In the end, it was only Ranma who stood on the ridge, with the battered, beaten Sorcerers strewn about like action figures after playtime.
That'll teach you, thought Ranma. That'll teach all of you to stand between me and Akane.
"Ranchan?"
Ranma spun, alert and poised to strike, but the voice that said his name belonged to friend, not foe. Kuonji Ukyō crawled over the lip of the ridge, spatula tied to her back.
"Is it really you?" she said.
Her hair was in tangles. Smears of mud marred her face and stained hair ribbon. Even her trusty spatula sported a nick on the corner and a dent in the handle.
"Wow, Ucchan. Yeah, it's me, but…you look terrible."
The spatula was in her hands and clocked him before he even sighted it.
"Okay," said Ranma, twisting his neck straight. "I probably deserved that."
"Bastard!" said Ukyō. "That's not what you say to a girl when she's been to hell and back looking for you!"
"I just meant I could see that! Honest, Ucchan, I can see what's going on here."
He looked past her, to the flooded springs and the Amazons racing to get across below.
"It's all gone to hell."
Ukyō relaxed, putting her weight on the spatula. "It really has."
"Ukyō!" A voice from below yelled up the hill. "Is it safe?"
"Who's that?" said Ranma. "Is that Ryōga of all people out here?"
"Yeah it's safe!" Ukyō called back. "And guess who I found keeping the Sorcerers busy!"
Down the slope, Mousse and Ryōga steady climbed uphill to meet them, but a girl with a pair of chúi quickly leapfrogged them both.
"Ranma!"
"Uh-oh, Sham—ack!"
The glomps of Amazons are known to crush bone, but Shampoo was a touch more gentle.
"Shampoo so worry!

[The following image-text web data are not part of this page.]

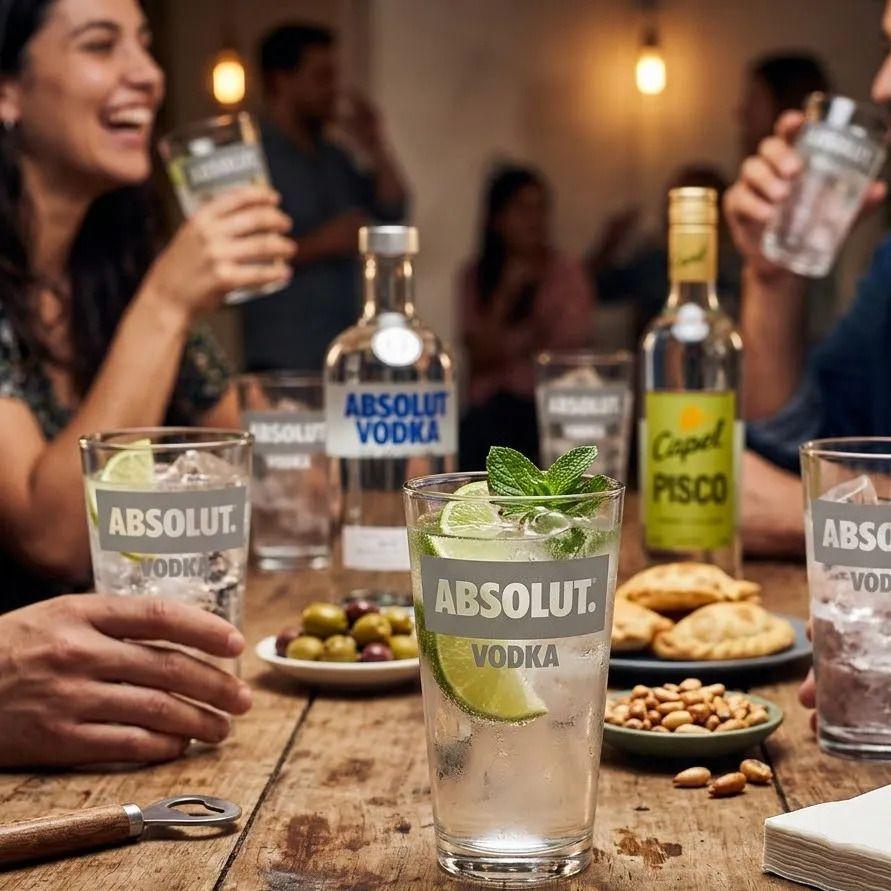 Vasos Vodka Absolut 490ml Pack X6 Aperitivo Carrete Grabado-4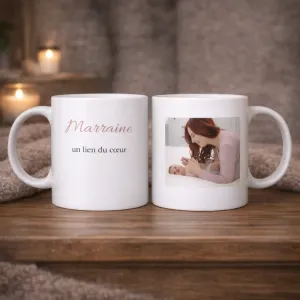 Mug Marraine, un lien du cœur éternel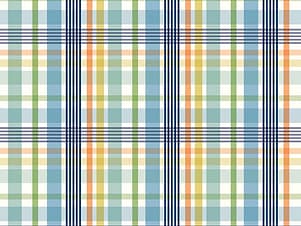 Cotton Fabric, 43"/44" Wide Flannel Love You to the Moon in Plaid Blue by Riley Blake Designs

Ranma no can get kidnapped again!"
"Oi, I wouldn't say I was kidnapped—"
"Then what would you call it?" Crouching on the ledge, Ryōga offered a hand to Mousse behind him. "Sending Kunō to get the message to us. You're just like a damsel in distress!"
"Am not!"
"Is this how you greet your rescuers, Saotome?" said Mousse. "I sense so little gratitude from you."
"You guys are ones to talk! I just saved all your asses right here!" He calmed himself, disentangling his body from Shampoo's arms. "But," he said, smiling warmly, "I've got to hand it to you guys. I didn't expect an entire Amazon army to come to my rescue—I mean, not rescue. Dammit, what's another word that doesn't make me sound like a Disney princess?"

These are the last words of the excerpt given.